More may be gained by a literally clinical approach to peace-keeping: pooling the range of resources specified above with those offered by other European neutral countries – Austria, Ireland, Sweden, Switzerland – prepared to act directly to United Nations mandates and specialising, nation by nation, in serving distinct regional groupings. This could include intervention on a scale ranging from ‘in depth’ watching briefs (researching the economic consequences of communal disorder, criminal/kleptocrat rulers, rogue multinationals, military takeovers, etc.) to determining solutions through arbitration and conciliation, conflict-resolution, international judicial action – not excluding ‘pathfinder’ operations in concert with the UN, involving NATO as instrument.
Such operations must be integrated with two things: involving young Scots in educational and environmental service, a proportion of whom must serve abroad; and appropriate language-acquisition, educational and cultural back-up both of such service and of the care of casualties, whether military, civilian, or refugee.
Without this, off-the-shelf military technology, expanding population and a stricken environment, corporate ‘moral hazard’, and the crime industry will together prove more toxic than any state-enemies faced since 1945 – and that’s without factoring in ‘gizmokillers’ like drones and computer-hacking programmes. A new approach is needed or conventional militarism will finish us off in a couple of decades.

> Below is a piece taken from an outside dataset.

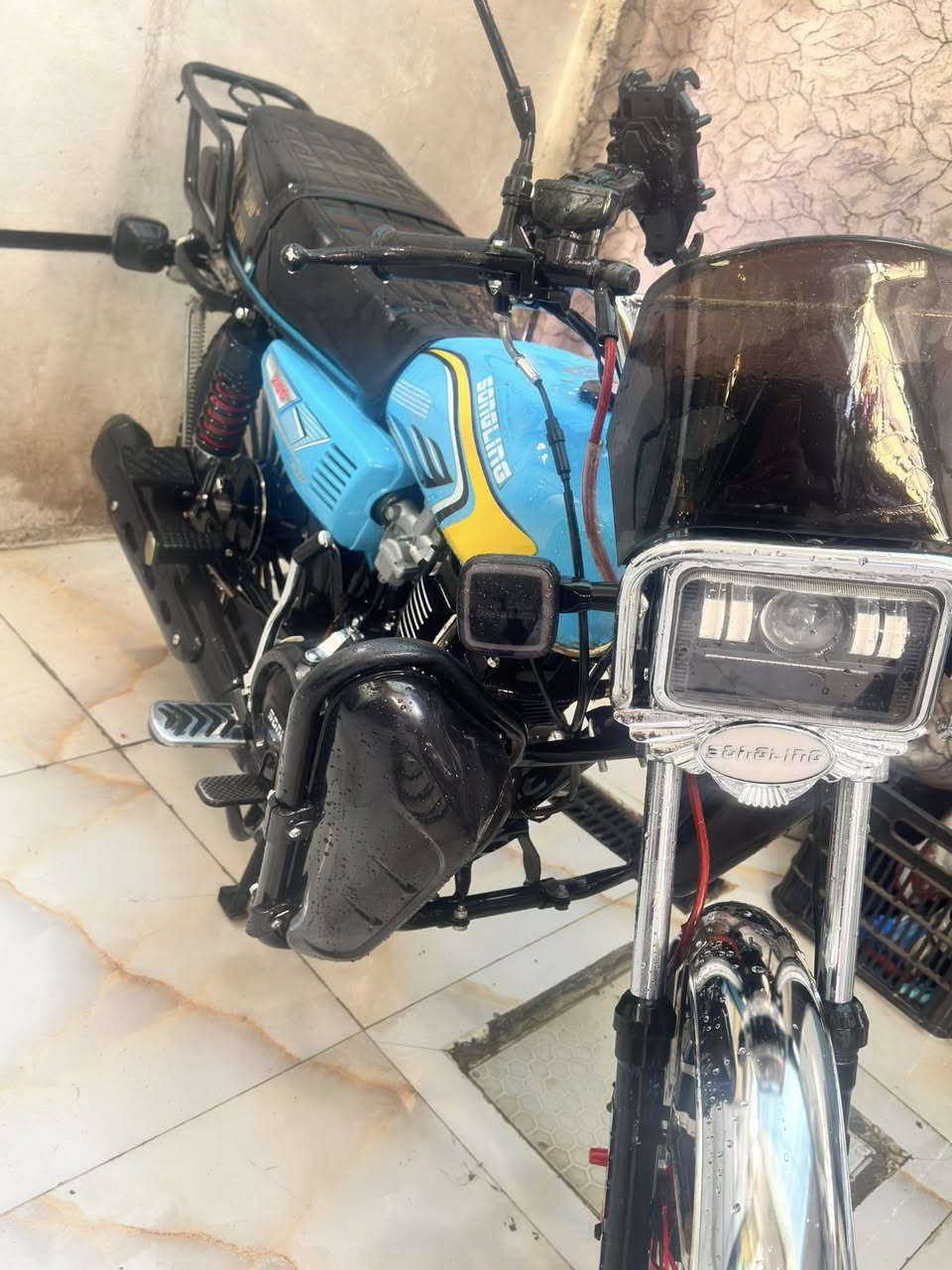 سلام عليكم دراجه أيراني سونك مكينة 200 مديل 2026 أوراق كامله دراجه كلش نضيفة عارضهة 750 وبيهة مجال ***********
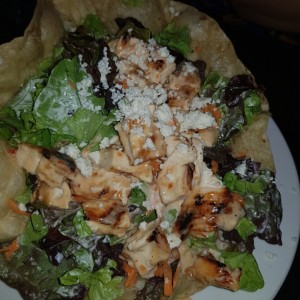 boom boom salad con pollo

Intriguingly, it has been challenged successfully in the ‘US’s backyard’, where the Pentagon’s militarist buddies have been sidelined by social democratic reformers. Organisations more intelligent than military alliances – with their demand for sophisticated though often useless weaponry – are not just necessary but often quite cheap. Remember that in Vietnam Scotland’s greatest invention, the push-bike, mobilised the Viet Cong. A senior US officer told me at a 1976 IISS conference: ‘These little guys just kept on coming’. A strategy and a brain, a general staff for peace, is needed, which evolves crisis by crisis, otherwise our future will be bleak in the extreme.
See Christopher Harvie, Military Power and Technological Change, International Institute for Strategic Studies, 1977, and Broonland, the Last Days of Gordon Brown, Verso, 2010.